Straus Wins GOP Caucus' Speaker Vote

Quorum Report tweets that Speaker Straus has won the Republican caucus vote for Speaker with 70 out of 100 votes (for more information on the unorthodox practice of taking a caucus vote for House Speaker see Legislative Queery's post UPDATE: Chisum Remains in Speakers Race).

Unconfirmed reports indicate that the vote was stopped after Straus received 70 votes so it is possible that he actually had much broader support. It is now all but certain that Joe Straus will remain House Speaker for another session. With that settled the next major step in getting the session underway will be the adoption of the House's rules, followed by the appointment of committee chairs by the Speaker.

Straus is a Republican from Bexar County. He has been praised for his even-handed and statesmen-like approach to the Speakership and vilified by the far right for not suppressing moderate and liberal members.

The Texas State Constitution allows the House to adopt its own rules within certain guidelines. The rules generally remain about the same with minor tweaks here and there to address issues that have risen since the last revision. It takes a two-thirds majority of the House to approve the rules.
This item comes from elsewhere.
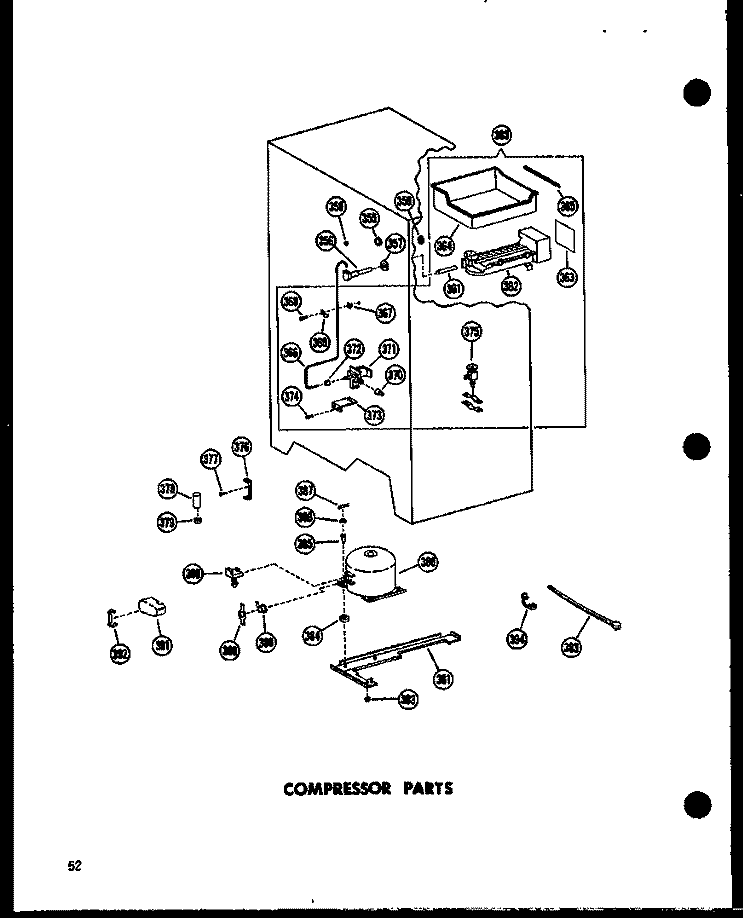 COMPRESSOR PARTS Diagram and Parts List for SD19N P6023006W Amana Refrigerator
(With the new Republican super-majority it is possible that an attempt will be made to majorly edit the rules to make it easier to pass conservative legislative priorities. Last session a change in Senate Rules allowed voter suppression legislation that had stalled in previous sessions to sail through the Senate, creating a major crisis when it reached the House and the Democratic leadership slowed House business to a standstill to prevent its passage. It is possible that something similar may be tried in the House this session.)

Once the rules have been adopted the next order of business is for the Speaker to appoint chairs, vice-chairs and members to each of the House's standing committees (the exact number and nature of committees is laid out in the House Rules, so appointments can not be made until the rules are agreed upon). Committee Chairs determine which bills will receive hearings and in what order and which bills will be voted out of committee. A chairpersonship is a very powerful position.

Historically both Democratic and Republican speakers have appointed chairs from both parties with the appointments roughly divided between parties in proportion to that party's seats in the House. If that pattern holds true we should see about 11 Democratic committee chairs and 23 Republicans.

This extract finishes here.